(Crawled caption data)
◆ ◆ ◆ ◆ ◆ ◆ ◆

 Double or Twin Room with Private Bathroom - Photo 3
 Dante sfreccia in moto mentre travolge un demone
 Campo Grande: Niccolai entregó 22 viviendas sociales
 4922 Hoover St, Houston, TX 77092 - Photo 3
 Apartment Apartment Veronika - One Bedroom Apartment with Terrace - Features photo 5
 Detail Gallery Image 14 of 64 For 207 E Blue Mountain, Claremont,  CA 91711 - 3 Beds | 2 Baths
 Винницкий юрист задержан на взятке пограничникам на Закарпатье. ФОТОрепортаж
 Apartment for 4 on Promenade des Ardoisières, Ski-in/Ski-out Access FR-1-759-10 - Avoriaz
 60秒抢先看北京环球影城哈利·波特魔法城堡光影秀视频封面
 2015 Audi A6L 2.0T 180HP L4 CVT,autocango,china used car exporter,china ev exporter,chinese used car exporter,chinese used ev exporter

◆ ◆ ◆ ◆ ◆ ◆ ◆

▶ _Problem to solve_
A single number is the whole answer: the count of lines above that hold "with".

▶ _Exercise output_
2